Sakana AI Sells AB-MCTS to Sakana Marlin, Business Agent Generating 100-Page Research Reports with Slides

Tokyo-based Sakana AI shipped its first commercial product ‘Sakana Marlin’ this week. The Sakana team positions it as a Virtual CSO (Chief Strategic Officer). It is a B2B independent research agency built for businesses.
Marlin doesn’t respond in seconds like a chatbot. You give it one research topic. It then runs automatically for up to eight hours. Each run returns a long report and a presentation slide deck. Sakana says a single session generates hundreds to thousands of LLM questions.
What is Sakana Marlin
Marlin is a business research agent, not a chat assistant. You give it one topic or question. It then formulates hypotheses, consults sources, and validates findings on its own. It compresses weeks of strategic work into hours.
Deliverables are planned for decision makers. The Japanese announcement describes dozens of pages of reports. The English announcement cites nearly 100 pages of reports. In the press conference, the reports were 60–100 pages and cited 60–80 sources. Each report includes a main body, references, and appendices. Presentation slides are generated using AI for image generation.

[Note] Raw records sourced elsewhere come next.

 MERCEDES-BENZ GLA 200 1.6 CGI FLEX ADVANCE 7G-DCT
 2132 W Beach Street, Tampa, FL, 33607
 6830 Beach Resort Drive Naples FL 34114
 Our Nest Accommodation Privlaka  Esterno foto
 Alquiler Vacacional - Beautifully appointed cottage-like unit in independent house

The Sakana team refined Marlin through a closed beta in April 2026. About 300 experts tested it in real operations during that beta. Those activities included strategy development, market research, risk analysis, and competitive analysis. Sakana also partnered with MUFG and took a strategic investment from Citigroup.
Within AB-MCTS: Broad or Deep
The core of Marlin is AB-MCTS, or Adaptive Branching Monte Carlo Tree Search. It appears in Sakana’s previous research “Breadth or Depth? Scaling LLM Inference-Time Compute and Adaptive Branching Tree Search.”

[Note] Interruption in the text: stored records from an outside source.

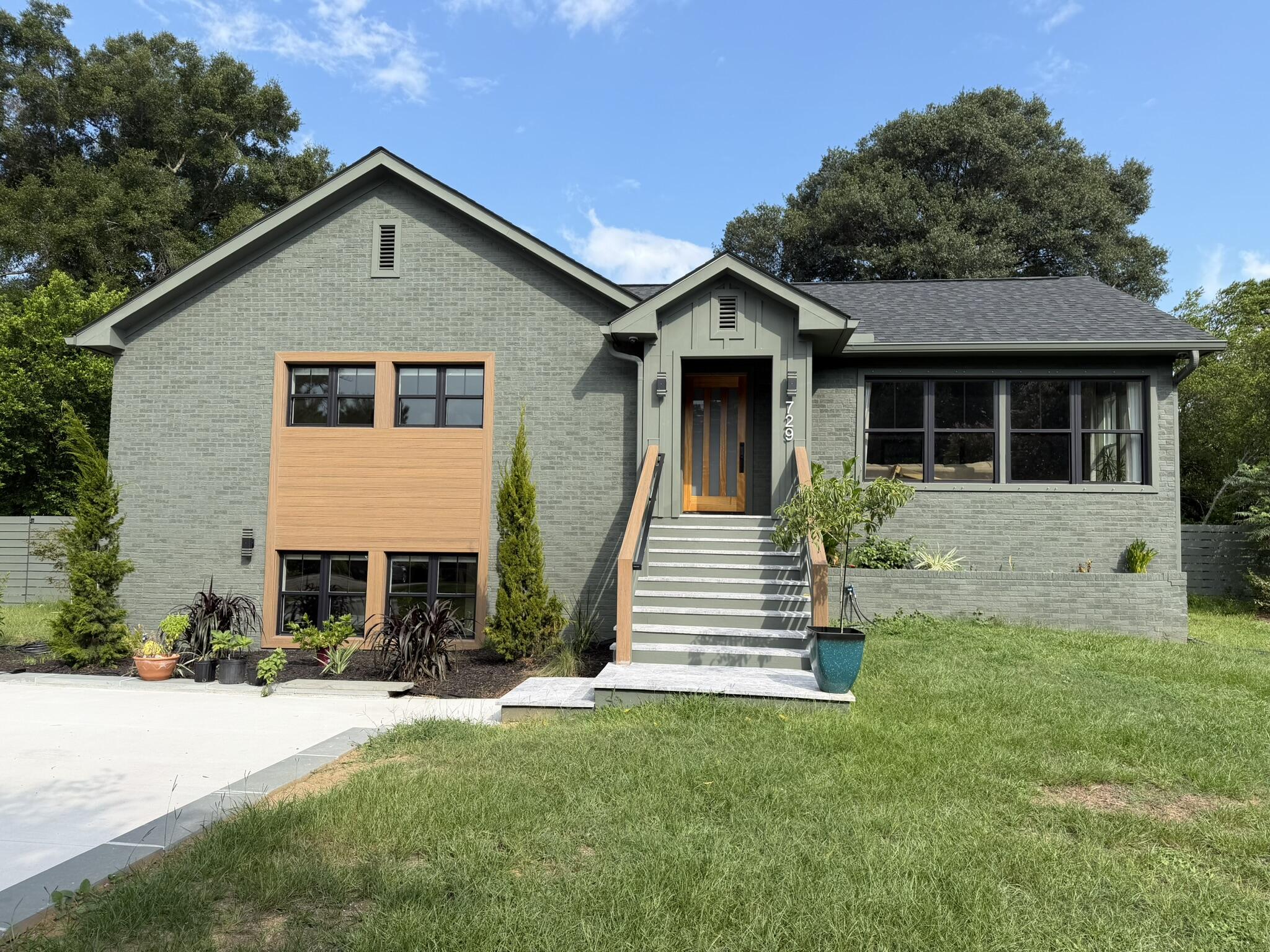 729 Fort Sumter Drive Charleston South Carolina United States, for Sale, residential, Bobbie  Rose, Keller Williams Realty Charleston/West Ashley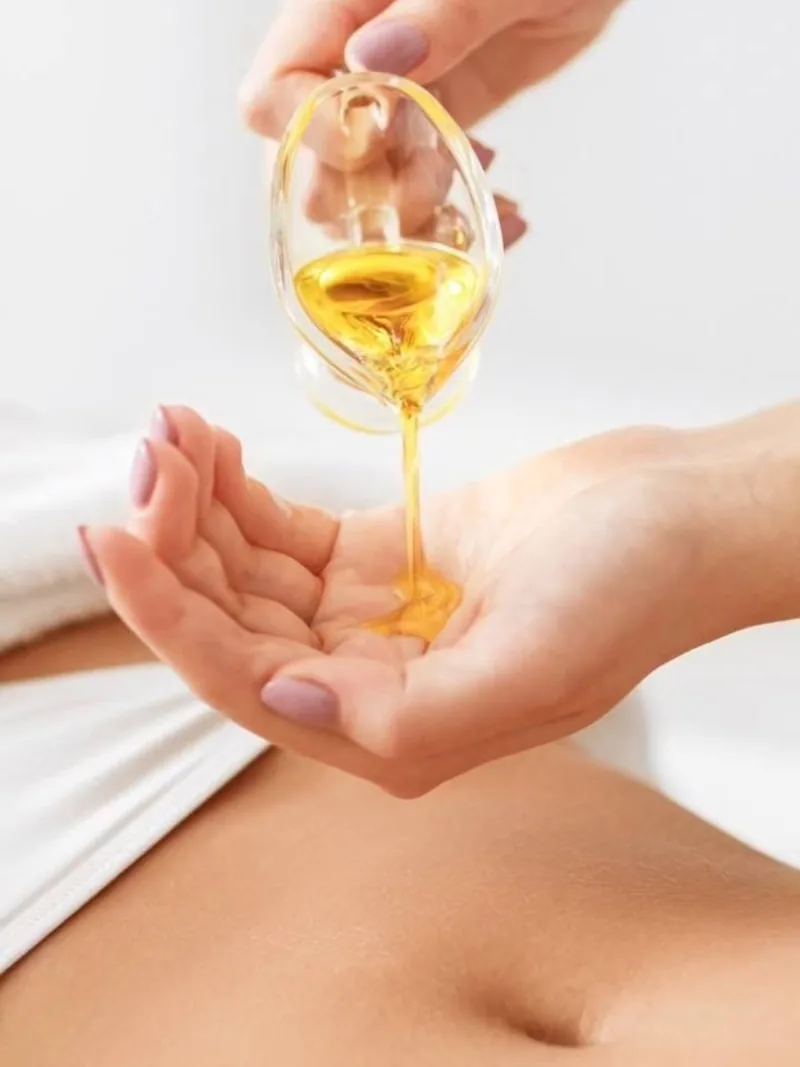 Aceite vertido para el masaje, Para Ella Dubái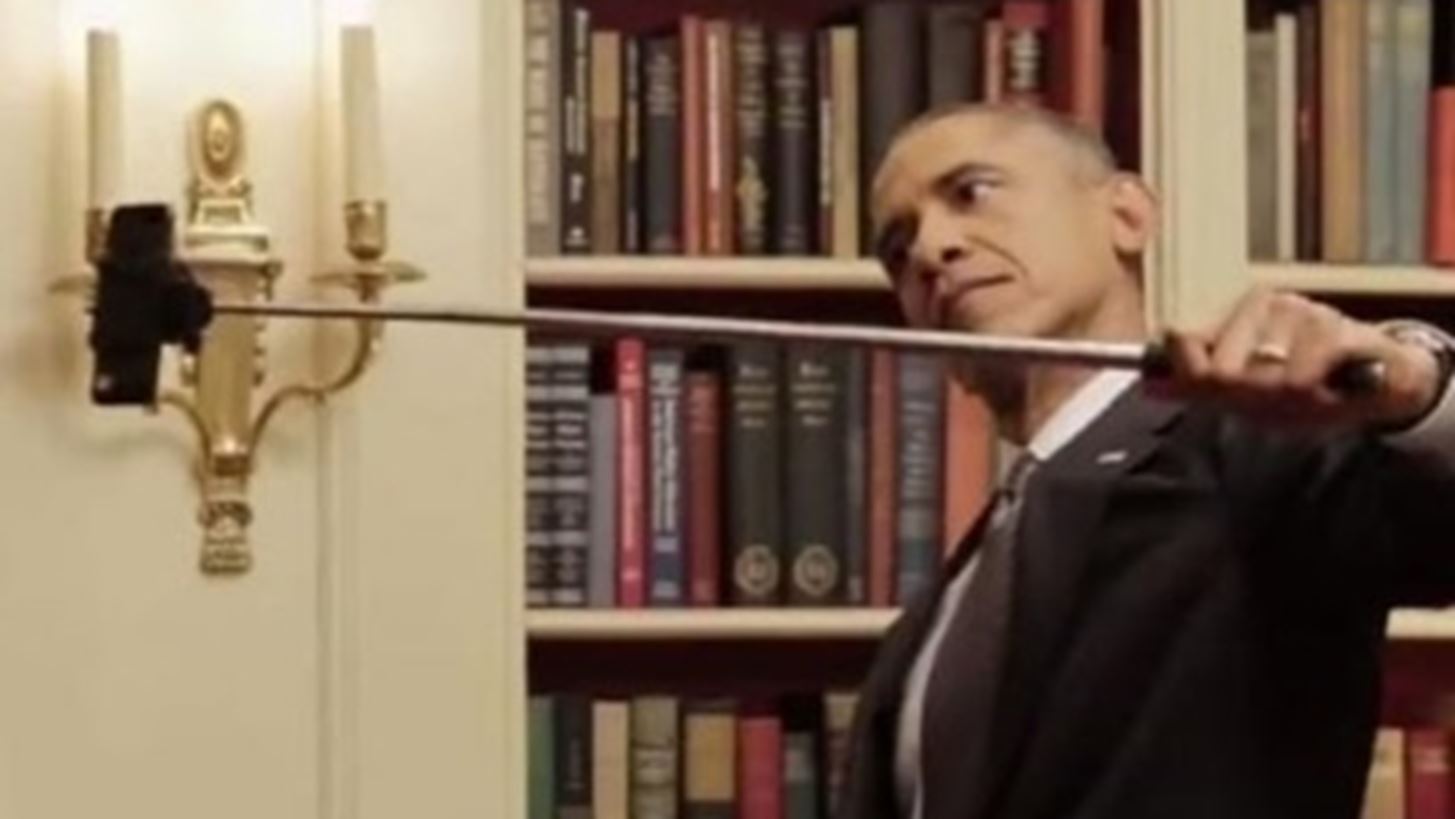 Barack Obama: &#x394;&#x3AF;&#x3BD;&#x3B5;&#x3B9; &#x3C3;&#x3C5;&#x3BC;&#x3B2;&#x3BF;&#x3C5;&#x3BB;&#x3AD;&#x3C2; &#x3B3;&#x3B9;&#x3B1; &#x3C4;&#x3B7;&#x3BD; &#x3BA;&#x3B1;&#x3BB;&#x3CD;&#x3C4;&#x3B5;&#x3C1;&#x3B7; selfie!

AB-MCTS treats reasoning as a tree-searching problem. At each step the algorithm makes one decision. It can go further by generating a new response for the candidate. Or it can go deeper by refining an existing promising answer. Standard repeated sampling only goes so far in parallel, and you hope that one answer is correct.
Many LLM options add a second option. It can move the step to a completely different model. In Sakana’s reported ARC-AGI-2 trials, this collaboration helped. Combining the o4-mini, Gemini 2.5 Pro, and DeepSeek-R1 solved about 27.5% of the tasks. The o4-mini model alone solved about 23%. Marlin uses the same dynamic search for long-horizon research.

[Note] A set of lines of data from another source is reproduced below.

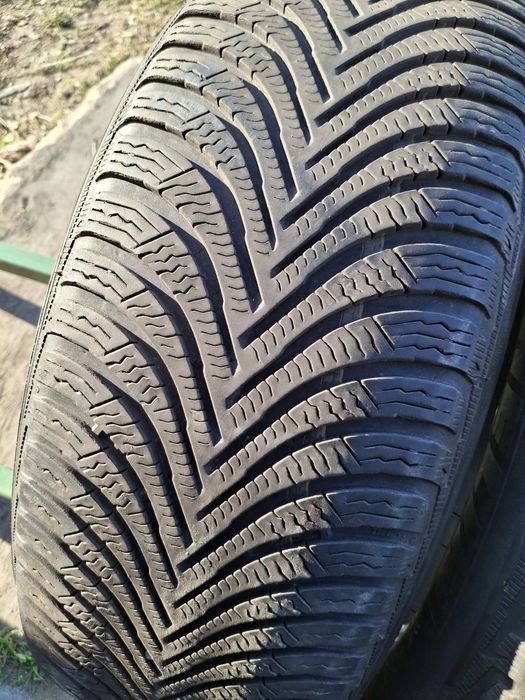 2 Anvelope de iarnă 215 65 r17 Michelin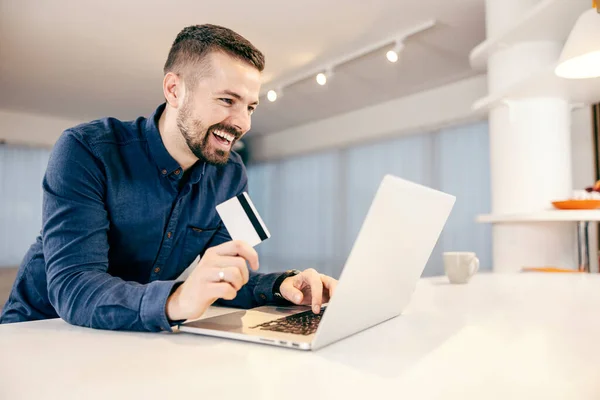 Egy Boldog Ember Aki Online Vásárol Számlákat Fizet Laptopján Kényelmes — Stock Fotó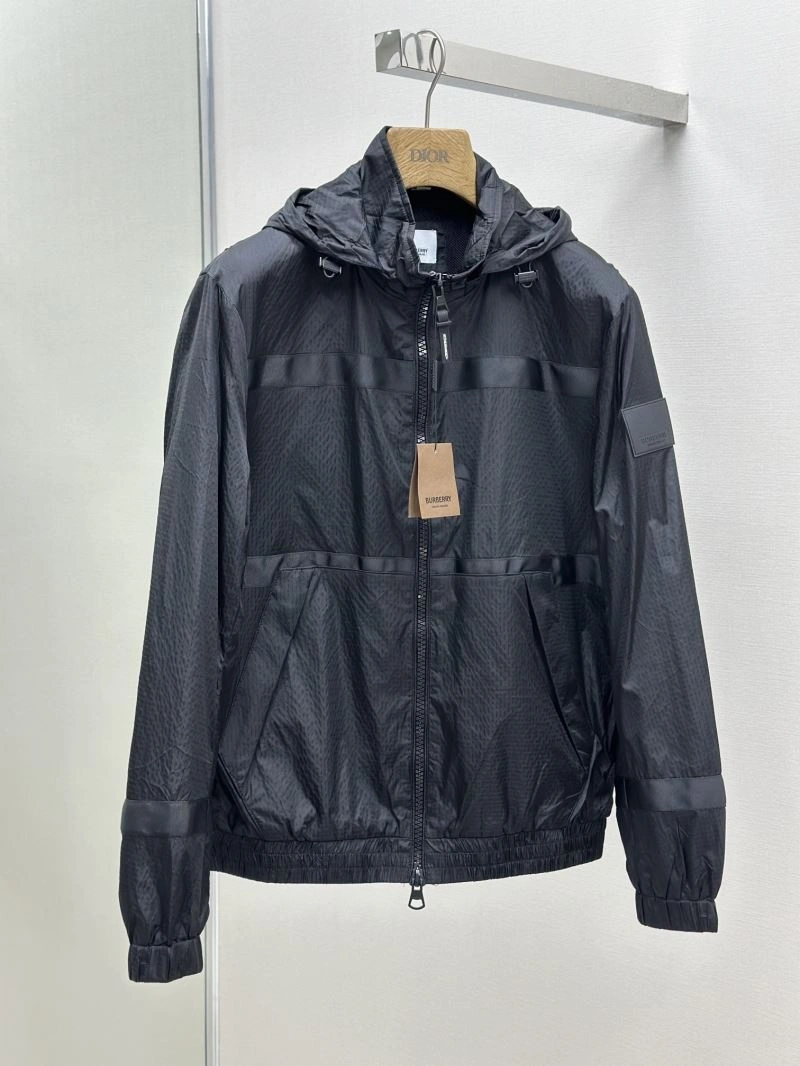 Chic Burberry Outwear 102258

The second key component of Marlin is automated workflows from Sakana’s AI Scientist project. That project demonstrated an independent scientific finding and was published in Nature.
Interactive demo: Embedded widget (marlin-abmcts-demo.html) shows the “broad or deep” decision live. Press Run and watch the tree grow. Green nodes carry the highest score, and the best path is highlighted. Change to “Multi-LLM” to see the steps that are taken across the various models.
AB-MCTS: “Broad or Deep?” — interactive search
A simplified view of Sakana AI’s Adaptive Branching Monte Carlo Tree Search. Each step is a policy that chooses to widen (new candidate) or deepen (refine promising line).
Search for status
Budget used0/24
Nodes (candidates)1
Excellent score0.00
Broad / Deep0/0
low score
high score
the best way
How does Marlin compare
Marlin competes for depth, not speed. Common deep research tools respond in minutes to tens of minutes. Marlin deliberately spends hours to increase the quality of the output. The lap times of the competitors below are estimated and reported, not official statistics.
| A tool | Average running time | Output | The main user |
|---|---|---|---|
| Kiss Marlin | Up to ~8 hours | Report (dozens to 100 pages) + slides | Business strategy teams |
| An In-depth Study of OpenAI | ~Minutes to tens of minutes | Text report cited | General and professional users |
| Preoccupation with In-depth Research | ~A few minutes | Answer to the quoted text | Standard users |
| An In-depth Study of Google Gemini | ~ Minutes | Text report cited | Standard users and the work environment |
The trade-off is obvious. You wait longer and pay per run. In return you get an in-depth hypothesis test and a finished deliverable. You can cancel the run at any time, but the credits are still used.
The price
Sakana offers pay as you go with Pro, Team, and Enterprise tiers. Pay-as-you-go starts at 100 credits per run, at ¥98 per credit. Pro is ¥150,000 per month and includes 2,000 credits. The team is ¥400,000 per month and includes 6,000 credits. Custom business pricing, with dedicated support.
Use Cases, and Examples
Marlin allows for high-level questions where research is a bottleneck. Here are some concrete examples taken from its target works.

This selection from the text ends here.